Many of the assembled urged more co-operation between digitizers and publishers, though still squishy is how to do that when the ambitions and security thresholds of, say, Google don't always match the ambitions and security thresholds of publishers. "What's clear is that there are no clear views," panelist Hermann Spruijt said in a closing statement.
Back at the rights center, the consensus was of a slightly slower show. The title generating the most talk was Buffett, and it was happening very far away.
(Things no doubt also moved a little slower today after the Bertelsmann party last night, which featured the usual welcome stream of beverages and swankiness until after midnight (we heard), while heads of the company's various divisions and CEO Gunther Thielen joined much of the Frankfurt faithful at the fest.)

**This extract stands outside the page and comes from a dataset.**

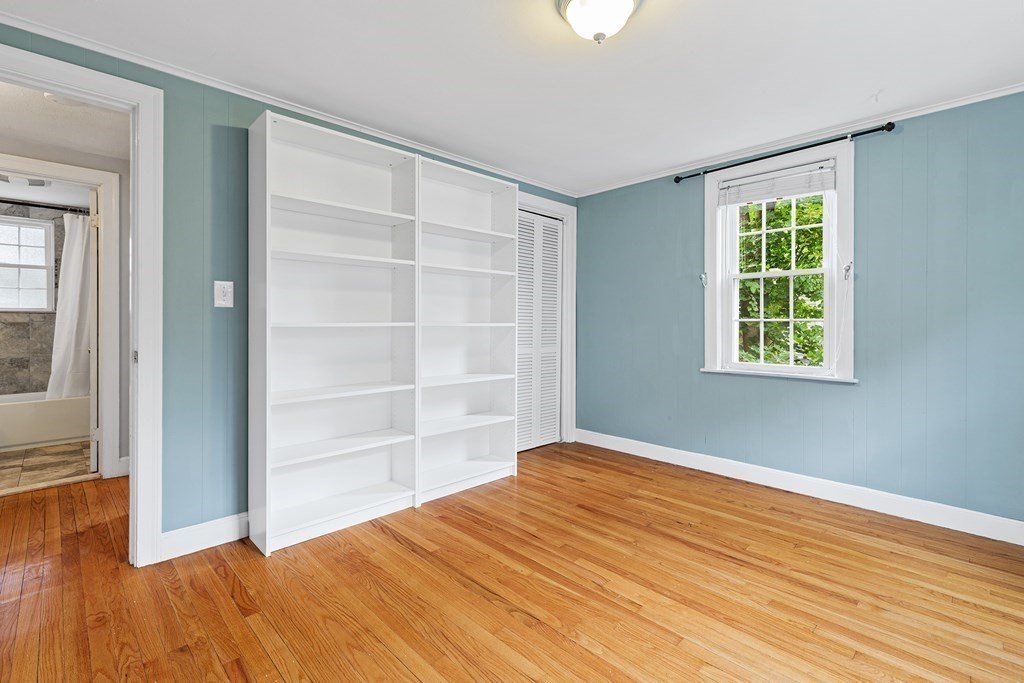 34 Londonderry Road Framingham, MA 01701 - Photo 13 of 33 a view of an empty room with wooden floor and a window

Still, despite the rabble-rousing, Soft Skull's Richard Nash managed to sell his Paul Berman book, Power and the Idealists, in part about German foreign minister Joschka Fischer, to five countries, including Germany. And Joe Regal was drawing heavy interest for foreign sales of the Crown-acquired Does Stevie Wonder Have a Sense of Smell?--described as a Why Do Men Have Nipples for the music set.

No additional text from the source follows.